A Brief Introduction to Linux Virtual Cluster

According to the project website, Linux Virtual Server (LVS) is a highly scalable and highly available server built on a cluster of real servers. The architecture of server cluster is fully transparent to end users, and the users interact with the cluster system as if it were only a single high-performance virtual server.

Much of the information is taken from the book “The Linux Enterprise Cluster” by Karl Cooper and the Project Website.

This diagram is taken from the project website which explain very clearly the purpose of this project.

The Linux Virtual Server  (LVS) accepts all incoming client computer requests for services and decides which one in the cluster nodes will reply to the client. Some naming convention used by the LVS community

  1. Real Server refers to the nodes inside the an LVS Cluster
  2. Client Computer refers to computer outside the LVS Cluster
  3. Virtual IP (VIP) address refers to the IP address the Director uses to offer services to client computer. A single LVS Director can have multiple VIPS offering different services to client computerx. This is the only IP that the client computer needs to know to access to.
  4. Real IP (RIP) address refers to the IP Address used on the cluster node. Only the LVS Director is required to know the IP Addresses of this node
  5. Director IP (DIP) address refers to the IP address the LVS Director uses to connect to the RIP network. As requests from the client computer comes, they are forwarded to the client PCs. the VIP and DIP can be on the same NIC
  6. Client IP Address (CIP) address refers to the IP address of the client pc.

 

A. Types of LVS Clusters

The types of LVS Clusters are usually described by the type of forwarding method, the LVS Director uses to relay incoming requests to the nodes inside the cluster

  1.  Network Address Translation (LVS-NAT)
  2. Direct routing (LVS-DR)
  3. IP Tunnelling (LVS-TUN)

 According to the Book “The Linux Enterprise Cluster by Karl Cooper”, the best forwarding method to use with a Linux Enterprise Cluster is a LVS-DR. The easier to build is LVS-NAT. The LVS-TUN is generally not in use for mission critical applications and mentioned for the sake of competencies.

  

A1. LVS-NAT Translation

 

 In a LVS-NAT setup, the Director uses the Linux kernel’s ability (from the kernel’s filter code) to translate IP Addresses and ports as packets pass through the kernel.

From the diagram above, the client send a request and is sent to the Director on its VIP. The Director redirects the request to the RIP of the Cluster Node. The Cluster Node reply back via its RIP to the Director. The Director convert the cluster node RIP into the VIP owned by the Director and return reply to the client.

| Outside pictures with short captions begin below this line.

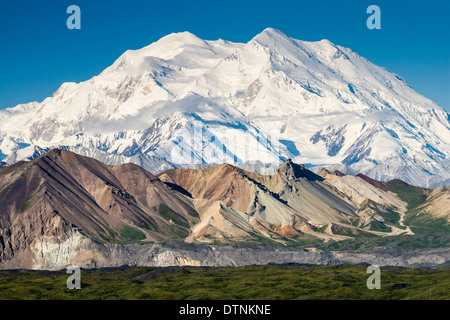 North & South Gipfel des Denali (ehemals Mt. McKinley) von der Straße in der Nähe von Eielson Visitor Center angesehen. Denali National Park, Alaska. Stockfoto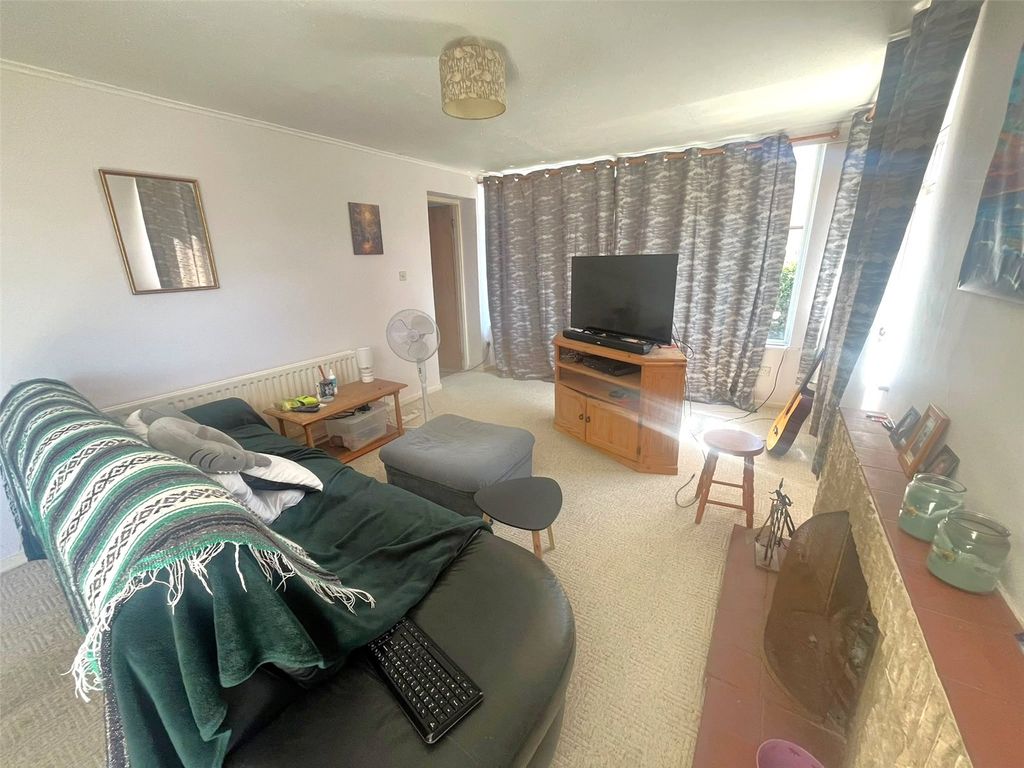Property photo 3 of 18 Picture No. 20
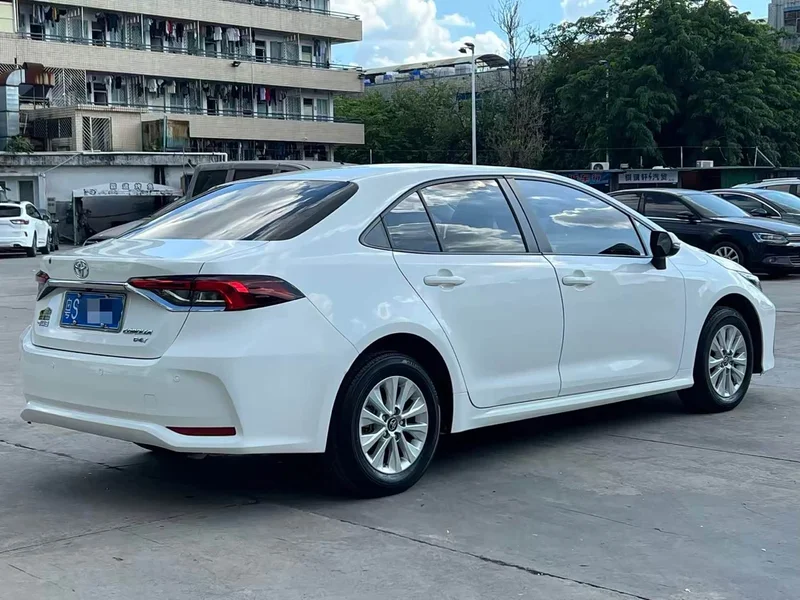 Toyota Corolla — фото 12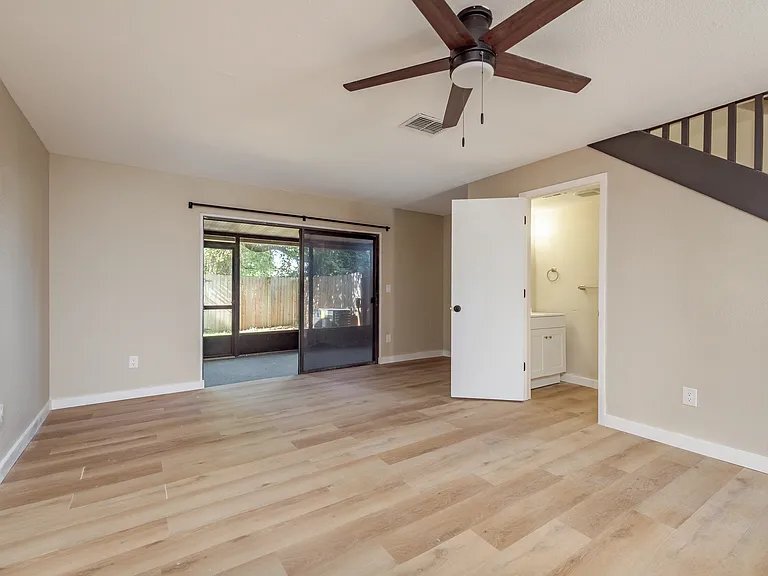 Building Photo - 2890 S Pines Dr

Some basic notes on the LVS-NAT

  1. The Director intercepts all communication from clients to the cluster nodes
  2. The cluster nodes uses the Director DIP as their default gateway for reply packets to the client computers
  3. The Director can remap network port numbers
  4. Any operating system can be used inside the cluster
  5. Network or the Director may be a bottleneck. It is mentioned that a 400Mhz can saturate a 100MB connection
  6. It may be difficult to administer the cluster node as the administrator must enter the cluster node via the Director. Of course you can do a bit of network and firewall configuration to circumvent the limitation

 

A2 LVS-DR (Direct Routing)

s

In a LVS-DR setup, the Director for towards all the incoming requests to the nodes inside the cluster, but the nodes inside the cluster send their replies directly back to the client computer.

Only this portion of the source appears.